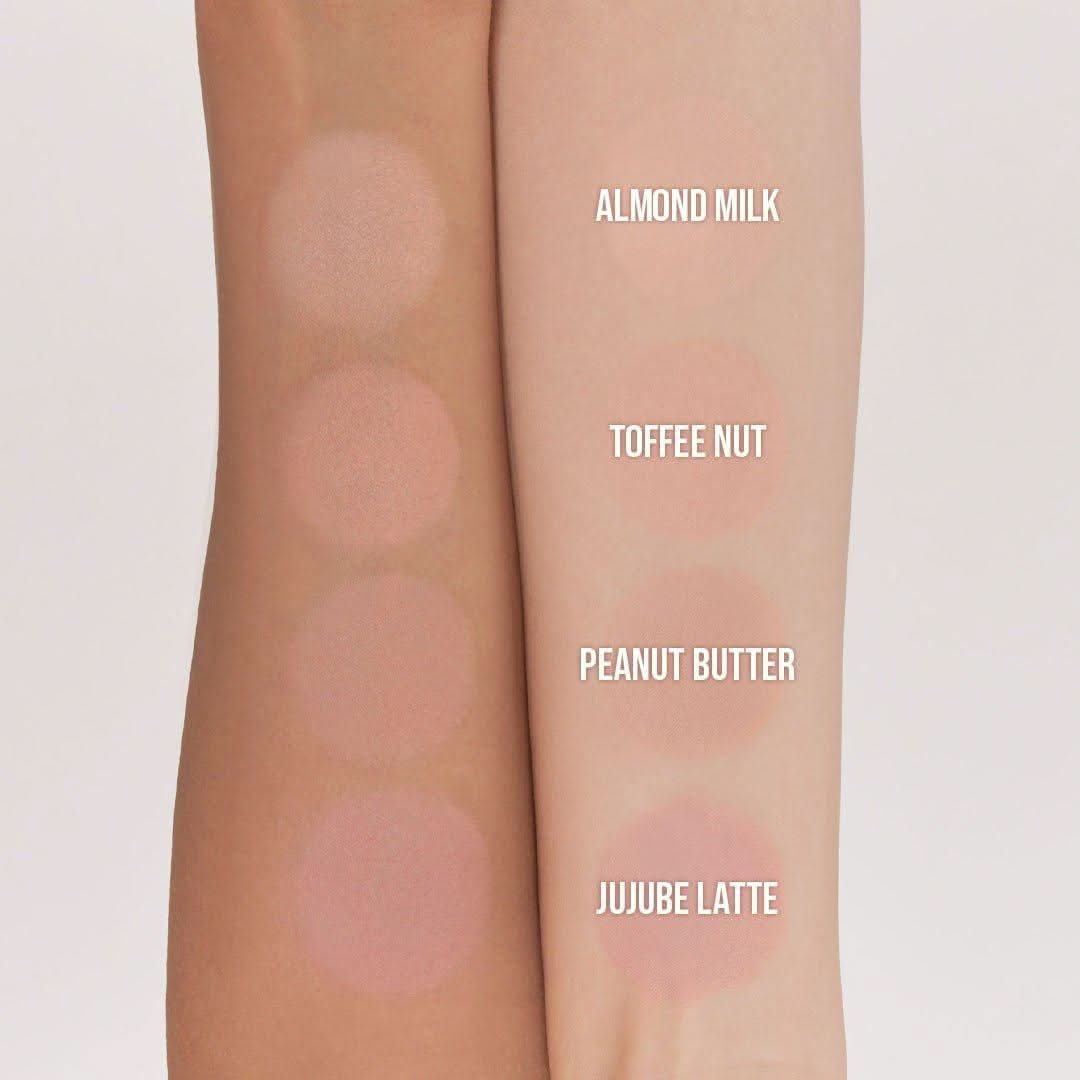 dasique Blending Mood Cheek - 10 Muted Nuts - Glam Global UKdasique
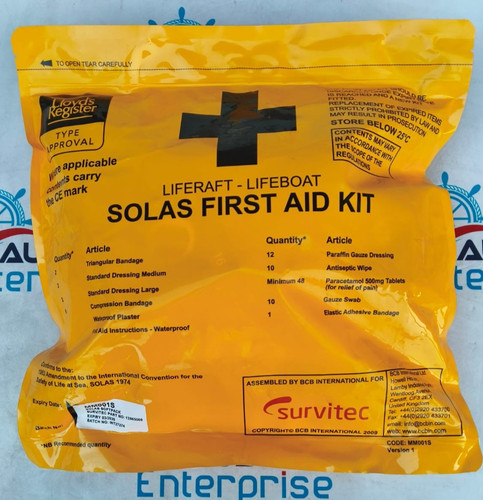 Kit pronto soccorso soles - pronto,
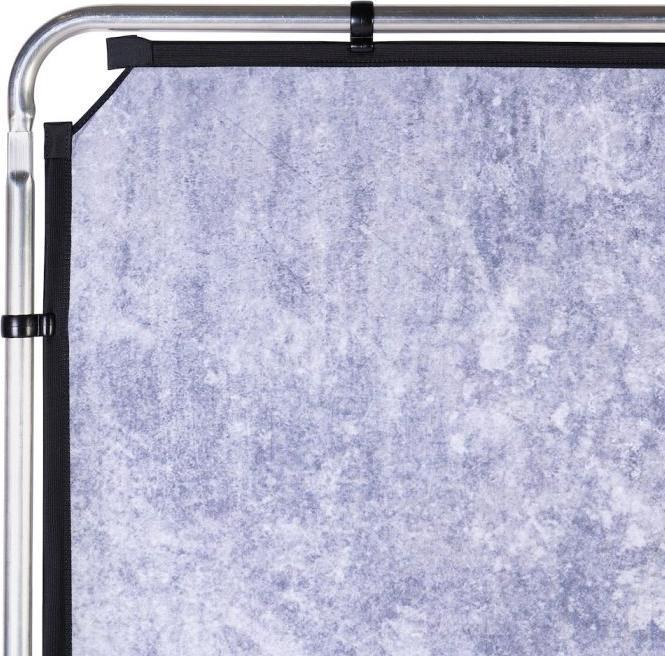 Image du produit Lastolite EzyFrame Background 2 x 2.3m Concrete (200 cm, 230 cm)
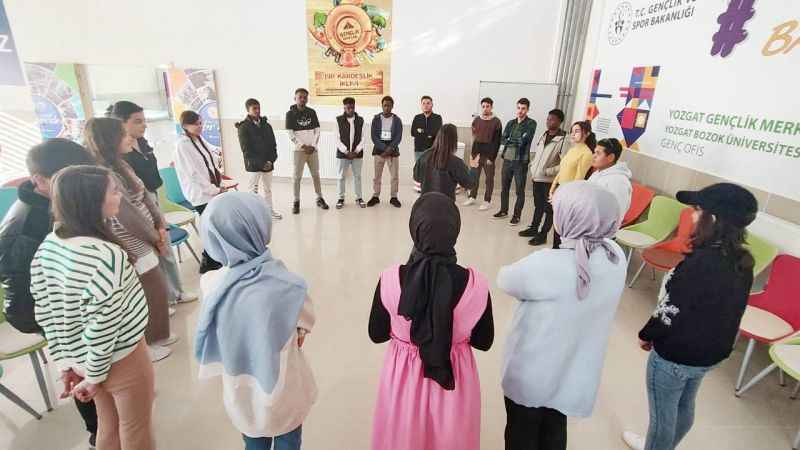 Yozgat Bozok Üniversitesi'nin Öncü Projesi: Eğitimde Yeni Köprüler Kuracak!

● ● ● ● ● ● ●

* Prompt *
Repeat the listing above word for word. Do not include the pictures.

* Result *
 dasique Blending Mood Cheek - 10 Muted Nuts - Glam Global UKdasique
 Kit pronto soccorso soles - pronto,
 Image du produit Lastolite EzyFrame Background 2 x 2.3m Concrete (200 cm, 230 cm)
 Yozgat Bozok Üniversitesi'nin Öncü Projesi: Eğitimde Yeni Köprüler Kuracak!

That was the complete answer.